Business News
The New York Times Company Reports 2008 First-Quarter Results
Monday 21. April 2008 - The New York Times Company announced today first-quarter 2008 earnings per share (EPS) from continuing operations of $.00, including a $.07 per share non-cash charge for the write-down of assets and a $.03 per share favorable tax adjustment, compared with EPS of $.14 in the first quarter of 2007, which included an unfavorable tax adjustment of $.03 per share. Excluding the charge and the adjustments, EPS from continuing operations was $.04 in the first quarter of 2008 compared with $.17 in the first quarter of 2007.
First-quarter 2008 operating profit was $6.2 million compared with $54.5 million in the first quarter of 2007. Excluding depreciation and amortization and the non-cash charge for the write-down of assets, operating profit was $66.4 million compared with $98.9 million in the first quarter of 2007.

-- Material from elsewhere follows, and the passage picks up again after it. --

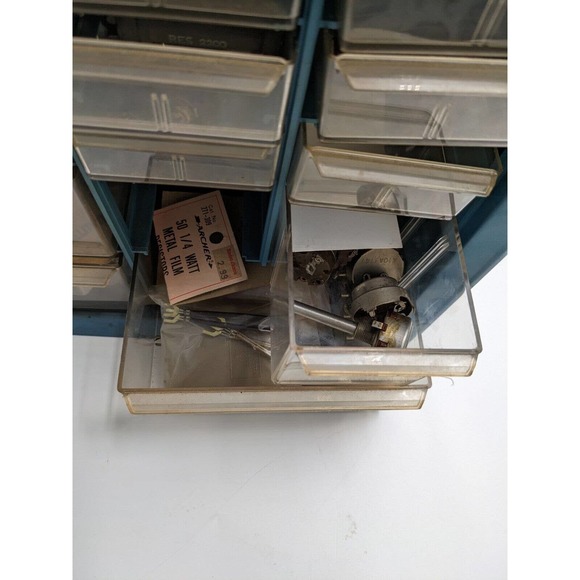 Vintage Metal Bin Screw/ Tool Box Filled With Vintage Transistor Resistors/Parts - Picture 9 of 16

“Advertising revenues decreased in the quarter as weaker economic conditions compounded the effects of secular change in our business,” said Janet L. Robinson, president and CEO. “While this is a challenging time for the media industry, we are diligently managing our business for the long term. Continuing our transition into the digital era, online advertising revenues grew 16 percent, due in part to new offerings and ad formats. At the same time, circulation revenues also showed gains in the quarter, up approximately 2 percent.
“Our disciplined approach to expense management resulted in a 1 percent decrease in operating costs. For the fifth consecutive quarter, operating costs, excluding depreciation and amortization, declined. As we have said before, we expect to achieve cost savings of approximately $130 million in 2008.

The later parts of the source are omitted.